Aguarela sobre papel
18 x 22 cm
     A silhueta feminina encostada ao muro que se alonga longitudinalmente no plano do fundo constitui um elemento primordial da composição, tornando-se o seu verdadeiro referente. A posição que a personagem ocupa na economia do quadro força a convergência do olhar que só depois atenta noutros pormenores do espaço envolvente, para se fixar de novo na juvenil figura. Observamos, então, mais detalhadamente a longa mancha branca do vestido, a posição corporal meio inclinada, de rosto apoiado na mão esquerda, numa atitude repousada de quem, descansadamente, deixa o tempo fluir. Contudo a sua expressão fisionómica parece exprimir interesse por algo que se passa fora do nosso campo visual, como se a cena do quadro se prolongasse para lá do muro.

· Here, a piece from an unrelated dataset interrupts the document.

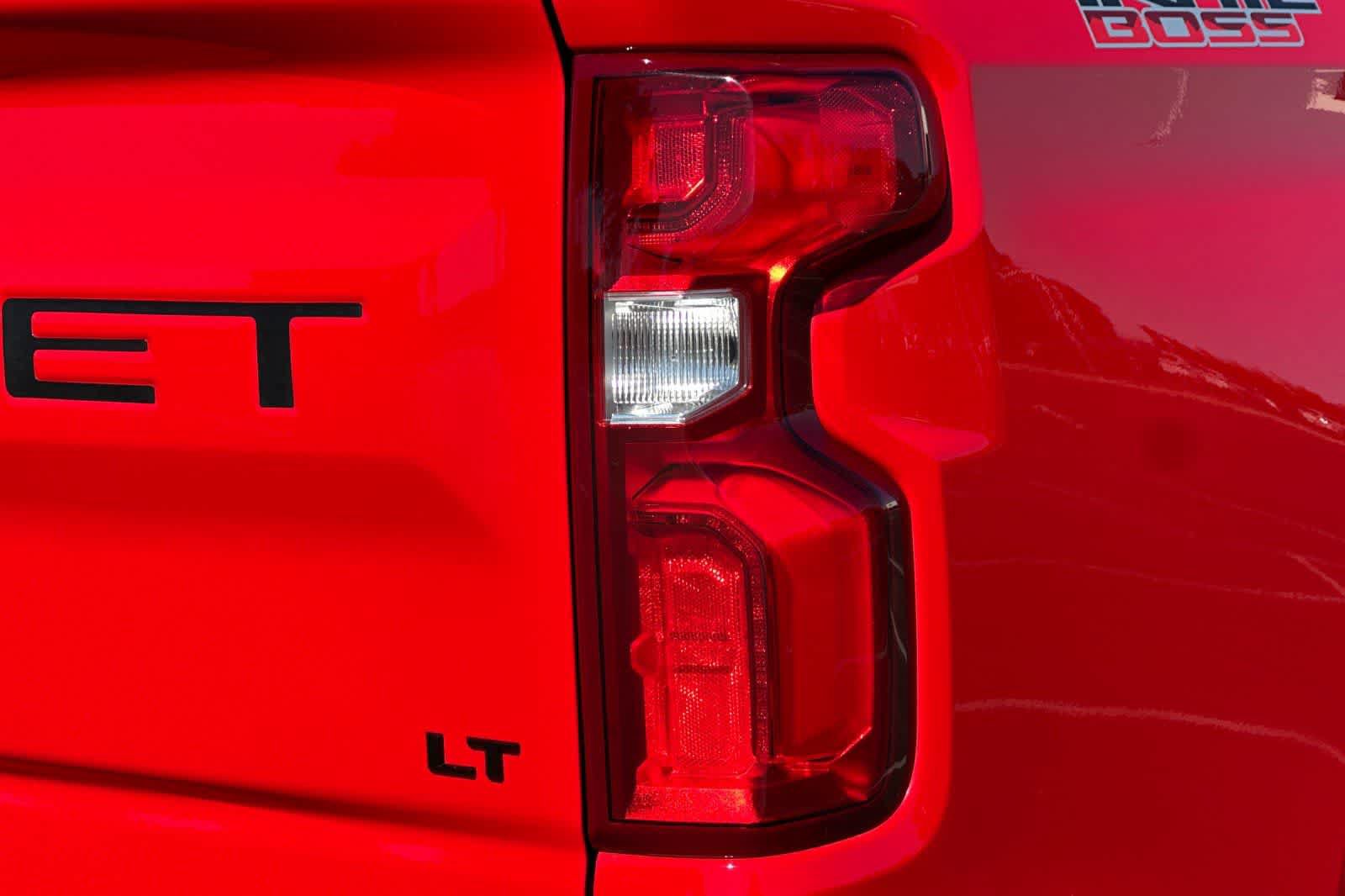 Used 2023 Chevrolet Silverado 1500 LT Trail Boss w/ Convenience Package II AWD/4WD image 33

     O pintor reproduziu o recanto de um terraço, vislumbrando-se parcialmente a parede de uma casa e parte da janela de guilhotina, sublinhada por uma cercadura de pedra. Os caixilhos brancos emolduram os vidros servindo-lhes de contraste cromático. A pintura que cobre a parede da vivenda revela-se envelhecida pelo tempo; alternam manchas irregulares de vermelho carmesim, com outras tonalidades mais claras por se ter perdido, em certas zonas, a cor inicial, ficando à vista o amarelo esbranquiçado da estrutura primitiva.
     Inequívocos indícios sugerem a proximidade do Outono. Bastas folhas de amarelo acastanhado juncam o solo e, se naquelas que ainda resistem nos troncos do enorme plátano domina o verde original, surgem, esporadicamente, algumas tonalidades amarelo acobreado. Tanto na casa como no terraço e até na árvore o tempo deixou marcas indeléveis. A vetustez daquilo que o homem construiu parece ter encontrado eco no próprio envelhecimento da natureza. E uma luz suave, tamisada pelos ramos da árvore, em contrates de sombra cortada por rápidas manchas de claridade, banha suavemente a intimidade deste espaço fechado, numa envolvência de vaga melancolia. Gera-se uma certa antinomia com a evidente juventude do modelo, numa oposição entre o presente e o passado.
     O artista encontrou cromatismos adequados para caracterizar o ambiente sugerido pela imagem. As lajes do pátio e o muro adquiriram o tom escuro característico das velhas pedras onde por vezes se confundem pinceladas de um tom castanho esverdeado a que branco da roupa e a claridade que emana do céu dão ainda maior relevo.